Tuesday, July 30, 2013

eBooks and Barnes and Noble CEO Resigns (part 2)

A few weeks ago the Barnes & Noble CEO resigned due to disappointing results at its Nook eBook division. At that time the pundits believed that this was another nail in the B&N coffin. Recently James Surowiecki writes in the New Yorker that the situation may not be that dire for B&N, because eBooks are maybe not as important as everyone seems to believe. In his article E-Book vs. P-Book he makes some useful observations, which bring some reality to the perceptions of "declining" book business:

"To begin with, B. & N.’s retail business still makes good money, and, though its sales fell last year, its profits actually rose. ..........B. & N., which still has more than six hundred retail stores (and six hundred and eighty-six college bookstores), also retains considerable leverage with publishers.
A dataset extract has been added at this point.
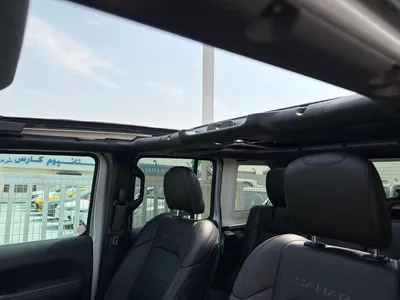 Jeep Wrangler SAHARA 2023 Export Price @ 135,000 AED-8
As a recent report from the Codex Group showed, browsing in stores is still a far more common way of finding new books than either online search or social media. So publishers have a stake in B. & N.’s survival.....
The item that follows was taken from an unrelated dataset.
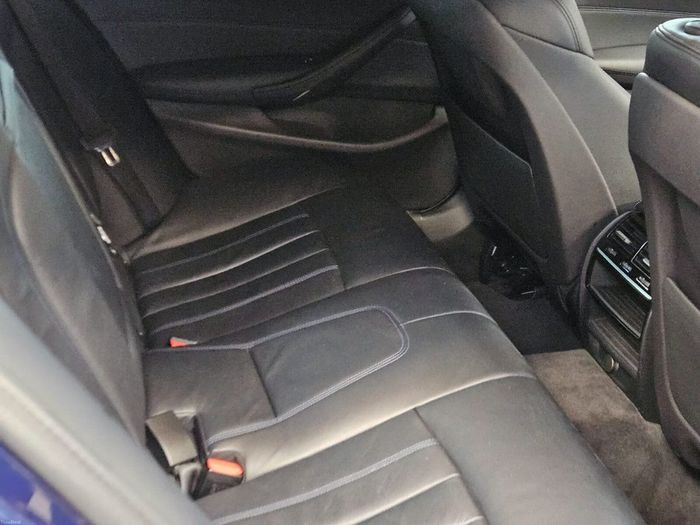 BMW 5 Series 2019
This suggests that, instead of succumbing to the temptation to reinvent itself, B. & N. should focus on something truly radical: being a bookstore...........
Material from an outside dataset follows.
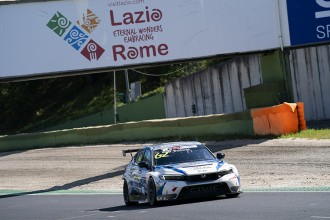 Borković joins the Kumho FIA TCR World Tour at Marrakech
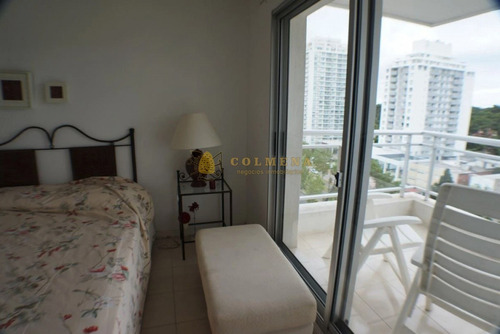 Apartamento En Roosevelt, 2 Dormitorios Ideal Para Vivir Todo El Año- Ref: 3859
Of course, a lot of people consider this a hopeless strategy: in their view, physical books are “technologically obsolete,” and the book industry is heading down the path that the music industry took, where digital downloads decimated CD sales and put record stores out of business. It’s true that, between 2009 and 2011, e-book sales rose at triple-digit annual rates. But last year, according to industry trade groups, e-book sales rose just forty-four per cent. (They currently account for about a fifth of the total market.) This kind of deceleration in the growth rate isn’t what you’d expect if e-books were going to replace printed books anytime soon.................

For many people, as a number of studies show, reading is a genuinely tactile experience—how a book feels and looks has a material impact on how we feel about reading. This isn’t necessarily Luddism or nostalgia. The truth is that the book is an exceptionally good piece of technology—easy to read, portable, durable, and inexpensive. Unlike the phase-change move toward digital that we saw in music, the transition to e-books is going to be slow; coexistence is more likely than conquest. The book isn’t obsolete. Barnes & Noble just needs to make sure it isn’t, either."

So maybe the problems with Nook are in a sense hiding the things that do go well with Barnes & Noble, the bookstore. And maybe all the hype about eBooks, is hiding the fact that many readers still prefer to read physical books for certain subjects and in certain circumstances, and eBooks for other purposes, like when traveling or commuting. What a relief: there is still hope for the book industry!